▶ _DATA RECORDS_:
-------------------------
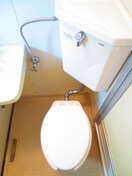 トイレ 横溝荘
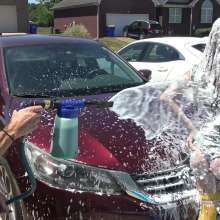 Jayce: Soapy Car Wash+Rinse!(public+pov!) Uniforms to Bikinis-Make out W/Mel!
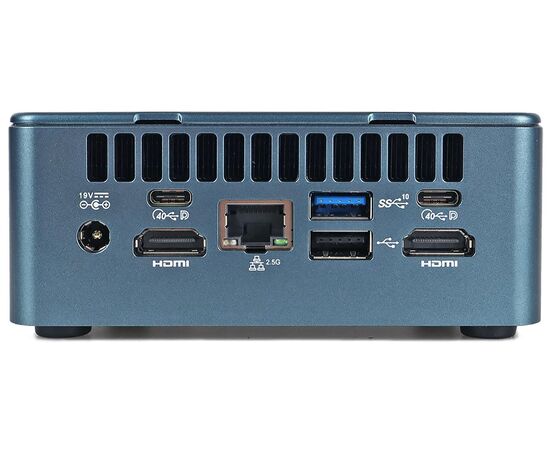 Мини ПК (неттоп) GEEKOM Mini IT12 с Core i5-12450H, 16 ГБ RAM / 512 ГБ SSD, WiFi+BT, Win11 Pro, Установленный CPU: i5-12450H, Установленное ОЗУ: 16 GB, Установленный накопитель: 512 GB M.2 NVMe 1.3, фото 4  – ТА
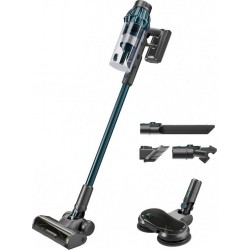 H.koenig Aspirateur balai UPX32U 2 en 1 avec brosse de lavage pour sols durs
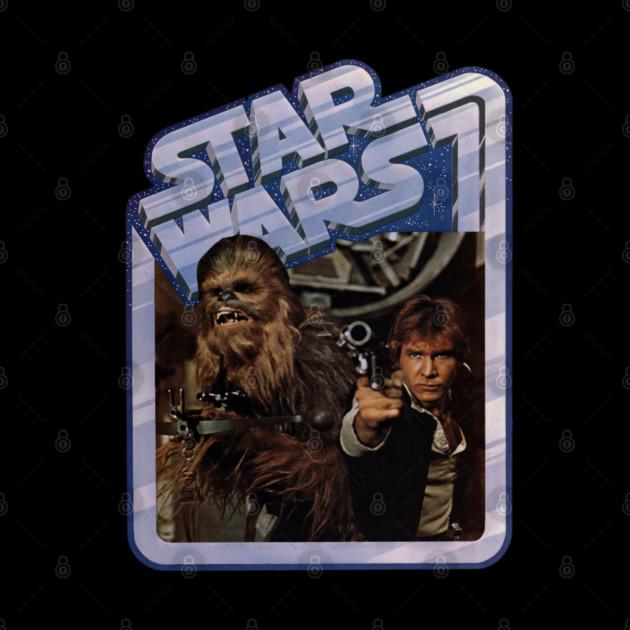 Chewy Han Solo Star Wars by PENDLETON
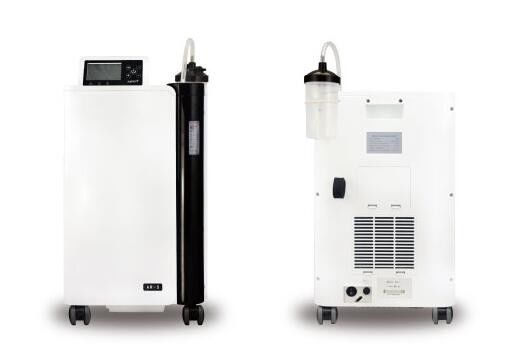 طبي ذكي الأكسجين Commtratorator مولد الأوكسجين معدل التدفق 1-5L / دقيقة آلة الأكسجين الكهربائية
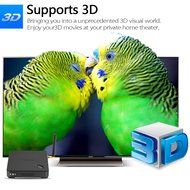 Docooler YoKoTV KB1 Smart Android 6.0 TV Box (Amlogic S905X Quad Core 64bit 2GB/16GB KODI17.0 XBMC VP9 UHD 4K... N4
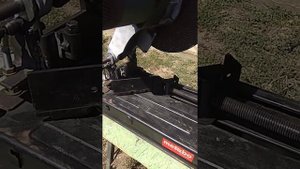 Устранение кривого реза монтажной пилы Metabo CS 23-355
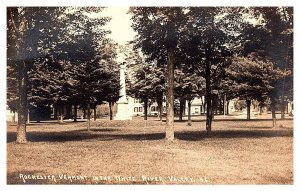 Vermont Rochester , Monument , RPPC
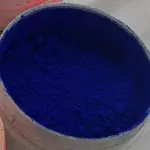 MICA FLUORESCENTE AZUL 10g.
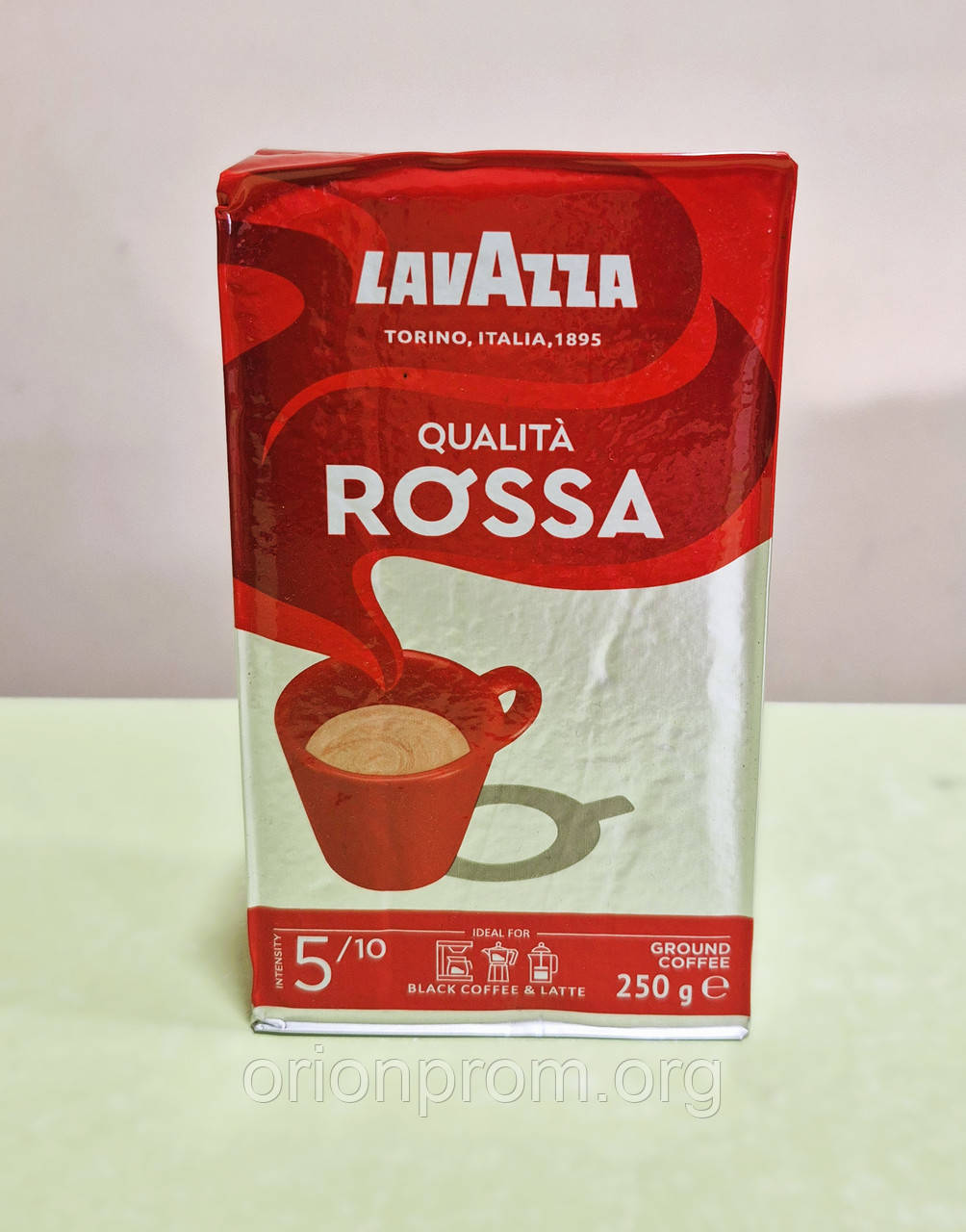 Кава Lavazza Qualita Rossa 250 г мелена, фото 1
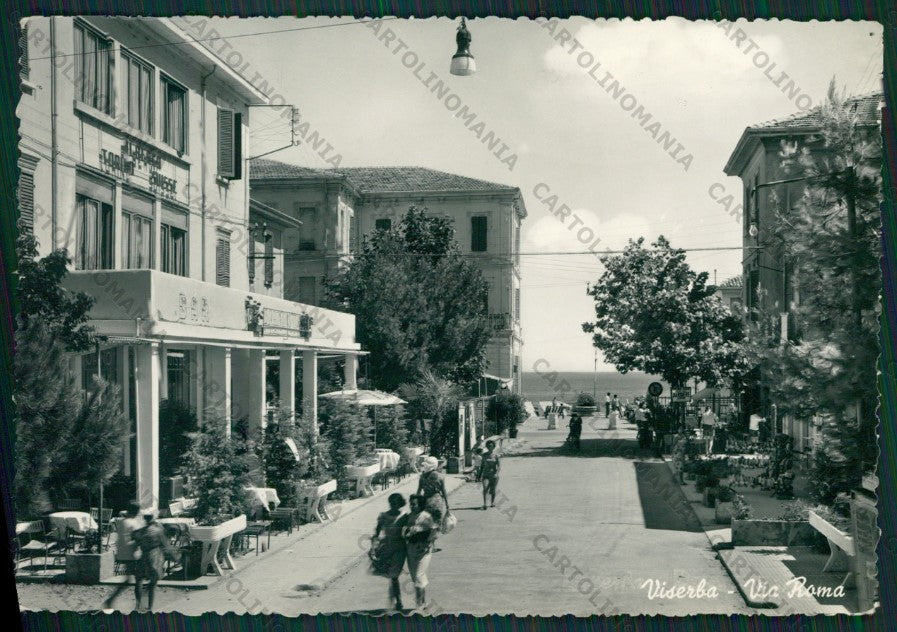 Rimini Viserba Foto FG cartolina KB0910 – fronte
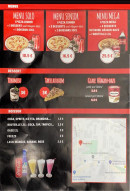 Menu Point Pizza - Menus et boissons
-------------------------
▶ _YOUR GOAL_: Set down word for word each line from the one containing "Мини ПК (неттоп)" through the end of the material, and keep the pictures out of it.

▶ _WRITTEN SOLUTION_:
 Мини ПК (неттоп) GEEKOM Mini IT12 с Core i5-12450H, 16 ГБ RAM / 512 ГБ SSD, WiFi+BT, Win11 Pro, Установленный CPU: i5-12450H, Установленное ОЗУ: 16 GB, Установленный накопитель: 512 GB M.2 NVMe 1.3, фото 4  – ТА
 H.koenig Aspirateur balai UPX32U 2 en 1 avec brosse de lavage pour sols durs
 Chewy Han Solo Star Wars by PENDLETON
 طبي ذكي الأكسجين Commtratorator مولد الأوكسجين معدل التدفق 1-5L / دقيقة آلة الأكسجين الكهربائية
 Docooler YoKoTV KB1 Smart Android 6.0 TV Box (Amlogic S905X Quad Core 64bit 2GB/16GB KODI17.0 XBMC VP9 UHD 4K... N4
 Устранение кривого реза монтажной пилы Metabo CS 23-355
 Vermont Rochester , Monument , RPPC
 MICA FLUORESCENTE AZUL 10g.
 Кава Lavazza Qualita Rossa 250 г мелена, фото 1
 Rimini Viserba Foto FG cartolina KB0910 – fronte
 Menu Point Pizza - Menus et boissons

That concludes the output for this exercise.